道草は、目的の場所へたどり着く途中で他のことにかかずらって時間を費やしてしまうこと。語源は、馬が道端の草を食っていて進行が遅れることを言うらしい。
もうすっかり内容は忘れてしまったが、漱石に「道草」という小説があった。彼ならば真剣に人生と取り組んでいるだろうから、道草など痛恨の極みかもしれない。
私はことのほか道草が好きである。譬喩としても、実際の旅や散歩しにしてもそうである。さすがに前者はここで軽く纏めるというわけにもいかないので、いずれ機会があればということで。
ちょっと散歩に出ても、あちこち気になることがあってスムーズにはいかない。雪の中を歩くなら幾分か足早になるとしても、体が温まってくるにつれスピードがのろくなる。
目的地はあるにはあるが、大した用があるわけもなく、気分が変わればあって無しという具合だ。
歩いている最中は、妄想に取りつかれる時もあるし、五感をすっかり解放して歩くこともある。今なら南向きに雪はないが、北向きや遠くの山をみれば寒々とした雪景色。川面も凍らんばかりの冷たさが見て取れる。
さて本日のテーマは道草を食う馬ではなく、人の話である。一回り上の人たちのことで、彼らの記憶をたよりにしている。腹をすかせた子供が、学校の行きかえりなどに、路傍にあるスイコメやイタドリなどの草を摘んでは食っていたという。この辺りでスイコメとイタドリは別物である。暖かくなるとツナビ(桑の実)で口を紫色にしながら腹いっぱいにしたそうな。数人から聞いているので間違いあるまい。

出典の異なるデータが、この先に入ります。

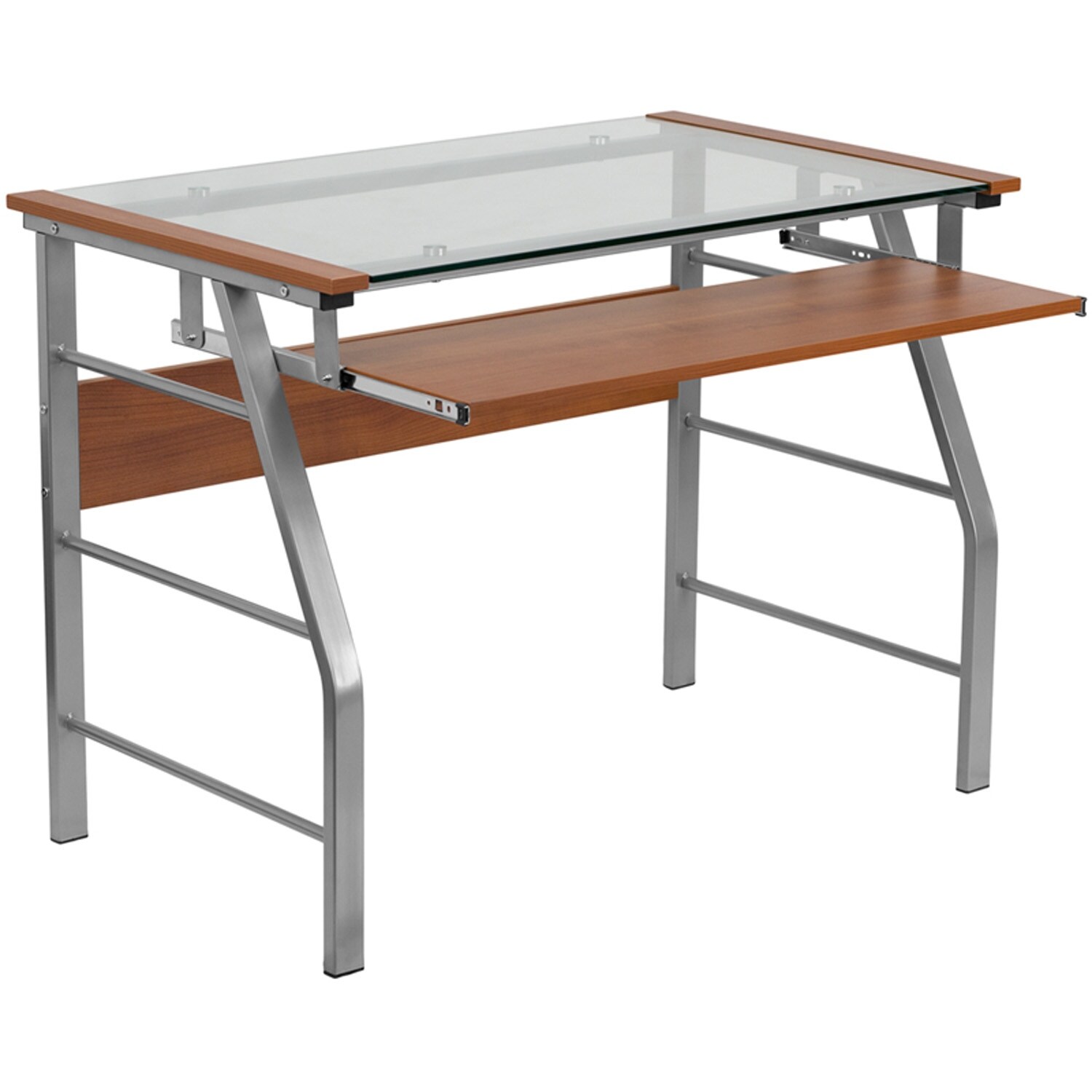 Malcom Glass Computer Desk W Pull Out Keyboard Tray Overstock 16627310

敗戦後しばらくして生まれ、底辺に近い貧困を経験しているというのに、私なら幾ら道草しても道中で草を食うことは思いつかない。瀬戸内は暖かい。少年期に路傍で誰が育てているのか分からないようなイチヂクやビワを取って食べた記憶は残っているが、咎められたことはない。
これには地域の差もあろうし、ちょっとした世代差もありそうだ。私の場合は、道草を食わずに道草をくっていたということか。